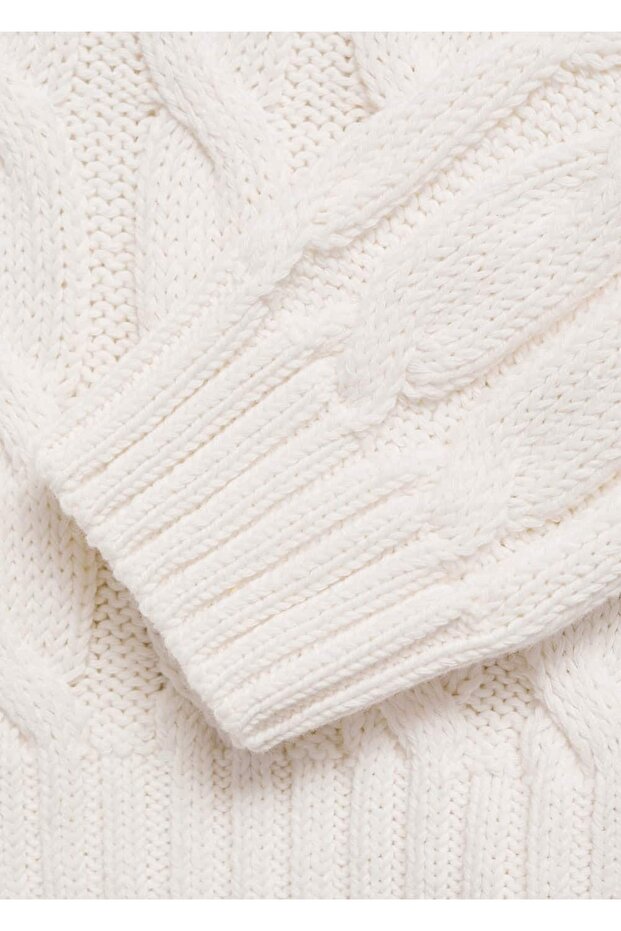 Pullover mit Strickdetail - 7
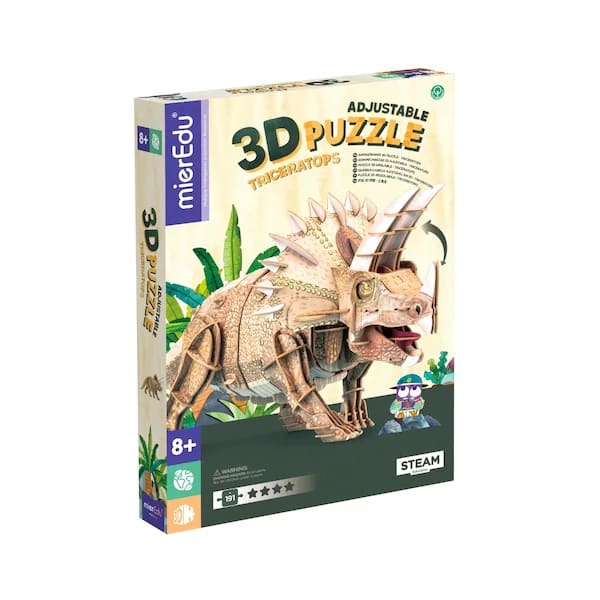 Puzzle Eco 3D Triceratops2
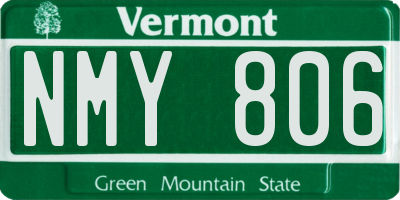 VT license plate NMY806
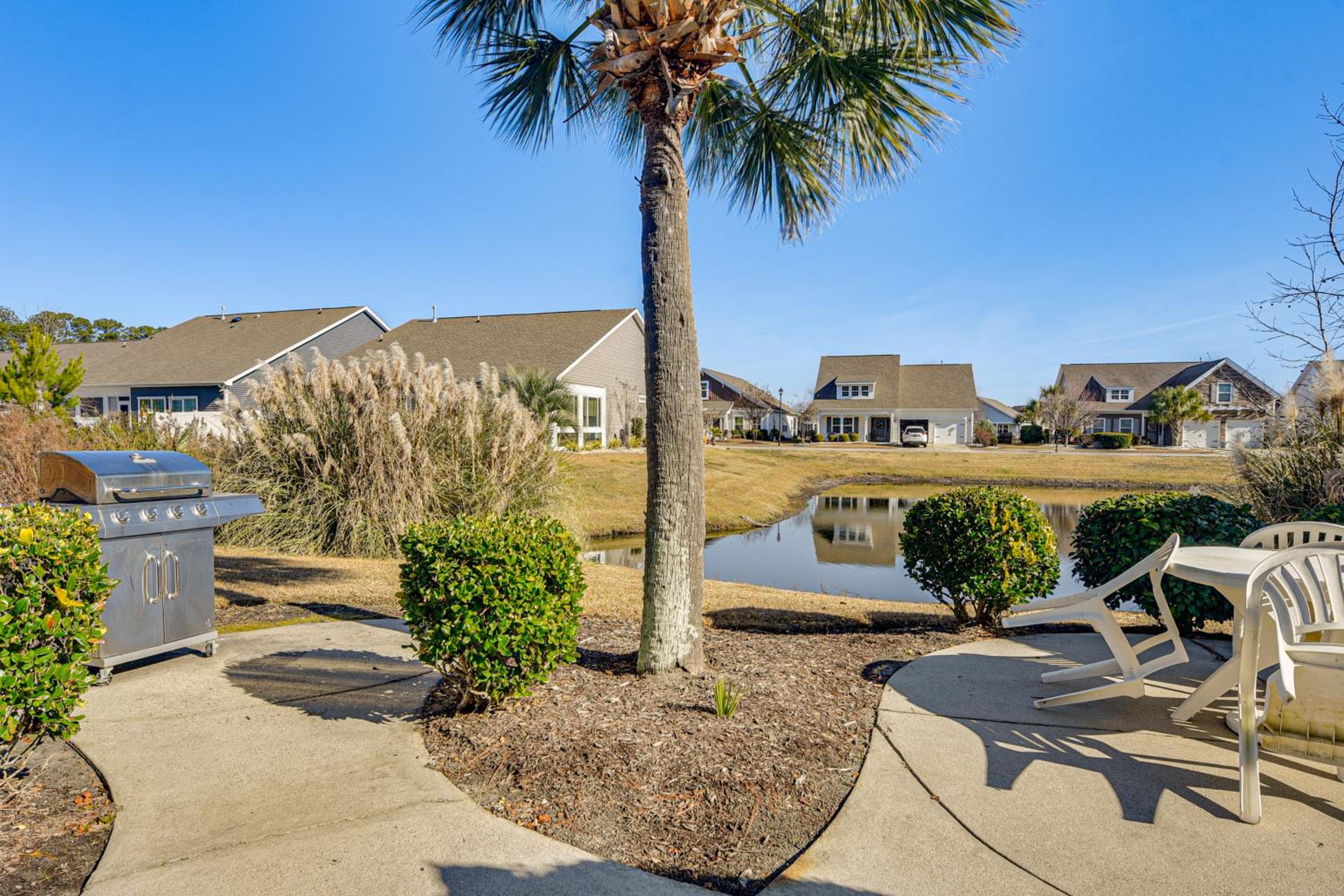 Golf, Gamble and Fish! Condo with Pool in Little River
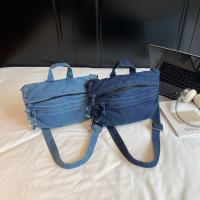 Bolso de mano de tendencia, bolso vaquero Retro, bolso para axila Y2K, bolso de hombro para chica picante, bolso cruzado, bolso vaquero lavado para niñas - details 3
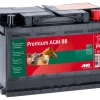 Batterie AGM Premium 12V 88Ah prête à l'emploi AKO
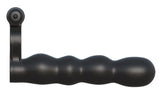 Pipedream Fantasy C-Ringz Posable Partner Double Penetrator Dildo, Black, 1 Pound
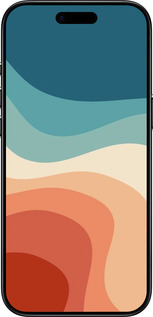 TPU чехол В стиле ретро с волнами для Apple iPhone 17 AIR - 6531b-4032 изображение 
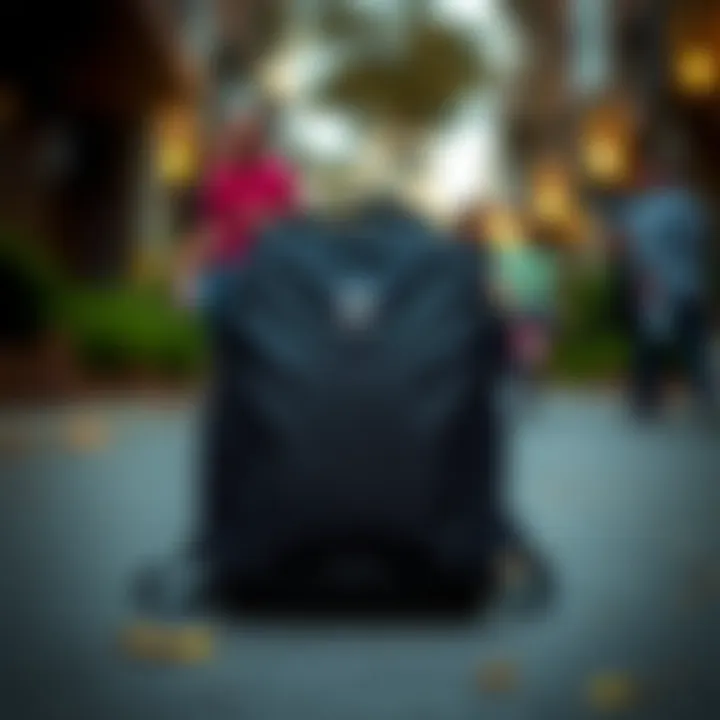 Trendy small backpack with quality materials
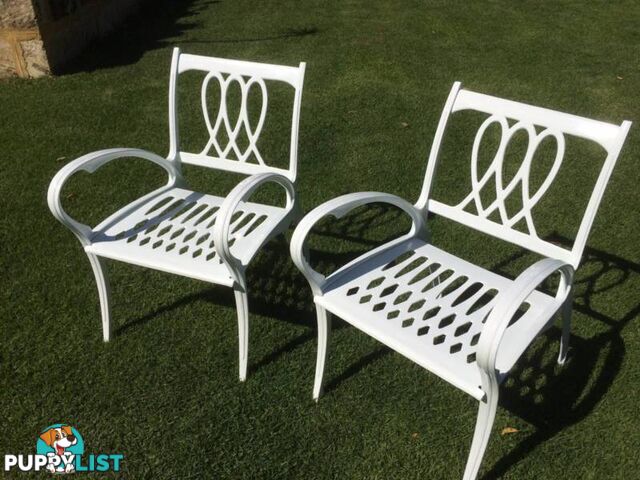 Outdoor Armchairs x 2 Flexalum. Mid century 1950 Design.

• • • •

» **Goal of the exercise**
Repeat word for word only the lines from the line holding "TPU чехол В" to the final line of the material, both included. Don't carry over any picture.

» **Output for this task**
 TPU чехол В стиле ретро с волнами для Apple iPhone 17 AIR - 6531b-4032 изображение 
 Trendy small backpack with quality materials
 Outdoor Armchairs x 2 Flexalum. Mid century 1950 Design.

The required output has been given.